» Instructions to follow
Begin at the top of the entries below and write out every line through the one containing "Decorative Cushion with", excluding pictures.

[Short web captions]
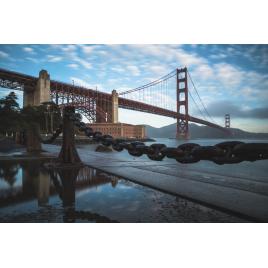 Fototapet autocolant PVC Golden Gate, 75x100 cm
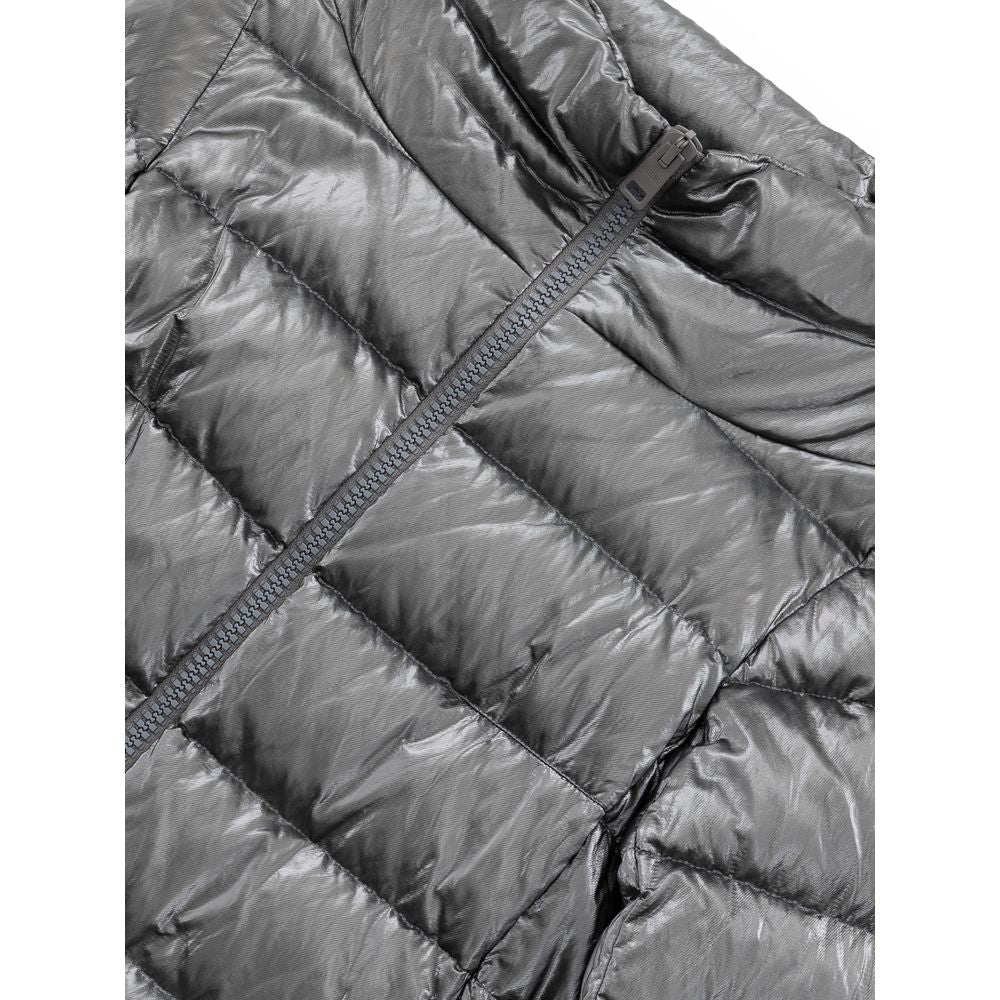 Herno Silver Viscose Jackets & Coat HE-7421668-IT42|M
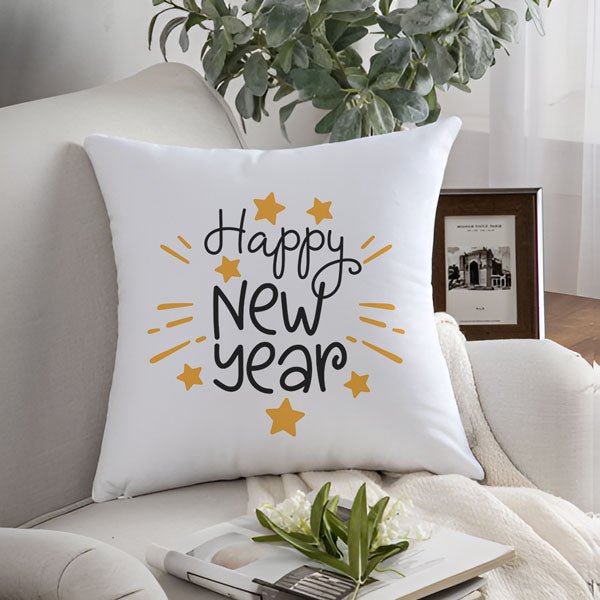 Decorative Cushion with New Year Print - Flowers to Nepal - FTN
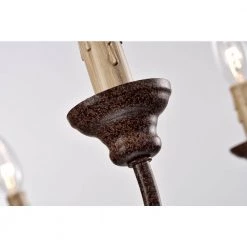 Coupon 💯 5-Light Scratched Wood and Rust Finish Candle Style Chandelier by Edvivi 😀 -Deals Edvivi || Atlas Store scratched wood and rust edvivi chandeliers epj600wd 76 1000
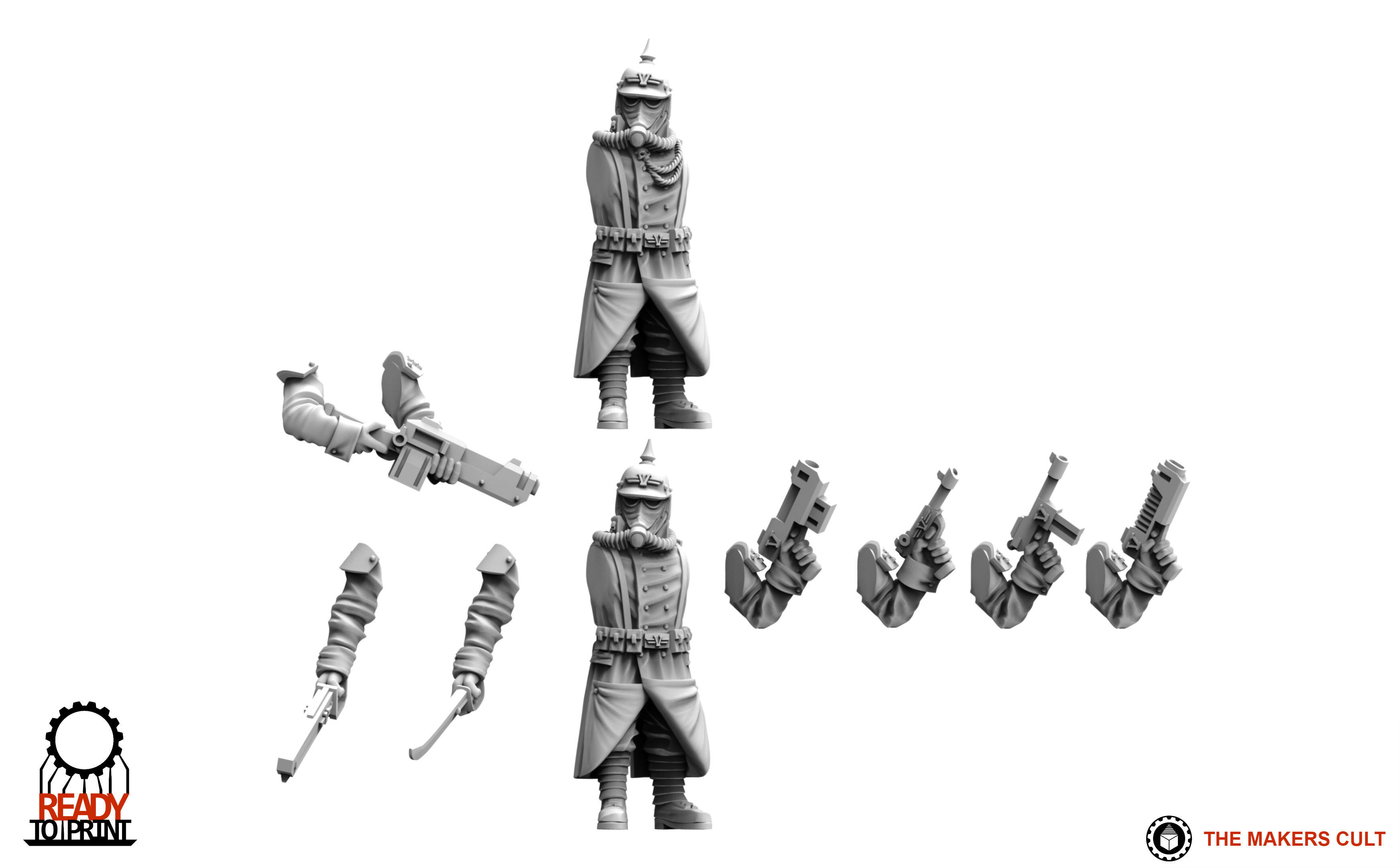 Valour Korps - Sergeant Bernhard 3D print model_3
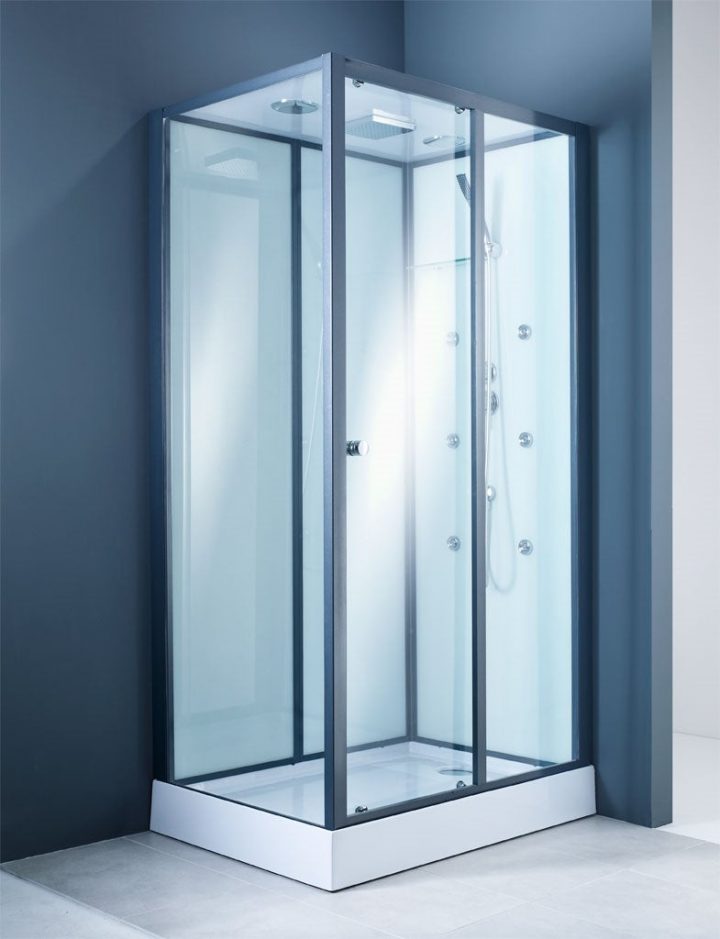 Cabine Hydromassage "pozzy" 110 X 80 X 220 Cm | Bricoman avec Cabine De Douche Bricoman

» The answer
 Fototapet autocolant PVC Golden Gate, 75x100 cm
 Herno Silver Viscose Jackets & Coat HE-7421668-IT42|M
 Decorative Cushion with New Year Print - Flowers to Nepal - FTN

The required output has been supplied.